The Lahore High Court (LHC) on Tuesday ordered a seven-day extension in winter vacations across educational institutions in Lahore due to unrelenting smog.
The Punjab School Education Department had on Dec 14 announced winter vacations for public and private schools across the province from Dec 24 to Dec 31.
Last week, the LHC directed authorities to propose to the school education department to implement a two-week-long winter vacation as a step to help curb smog in Lahore.
The court previously ordered the closure of schools on Fridays and Saturdays
Hearing the public interest petitions on different environmental issues today, Justice Shahid Kareem of the LHC observed that vacations in schools and colleges ought to be extended due to the persistent smog.
A representative of the Pakistan Electronic Media Regulatory Authority (Pemra), who was also present during the hearing, told the court that letters had been written to satellite channels to run advertisements for the awareness and prevention of smog.
The court remarked that smog was in control to a considerable extent.

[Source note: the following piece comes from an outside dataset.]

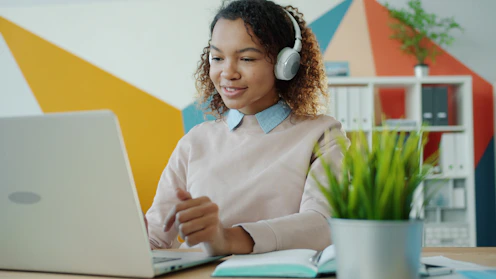 Young woman wearing headphones works on laptop.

However, it said the prevention of smog was the responsibility of the government.
The judge also summoned the director general of the Pakistan Disaster Management Authority to the next hearing.
The hearing was adjourned till Jan 6.
A few days ago, the Lahore deputy commissioner submitted a report to the court containing recommendations to mitigate smog.
The report revealed that the Punjab government had already approved a project to procure 200 drone cameras under a World Bank-funded program. It said modern drones with night-vision cameras could be programmed to report smoke emissions even during night-time.
The report further stated that long-range PTZ (Pan-Tilt-Zoom) cameras do not require human control and can automatically detect and record certain emissions from up to 3,000 meters distance. It proposed the installation of the PTZ cameras at smog hot spots in Lahore, including Mehmood Booti, Karol Ghati, Lakhodair, Turkey Road, Ring Road, Multan Road, and Bund Road.
It also suggested the installation of at least ten air quality monitoring stations in the city and an increase in field posts for better implementation of government policies.
The report said the Parks and Horticulture Authority had been focusing more on ornamental plants, whereas urban green spaces should be used to purify the air and reduce “fugitive dust” in the city.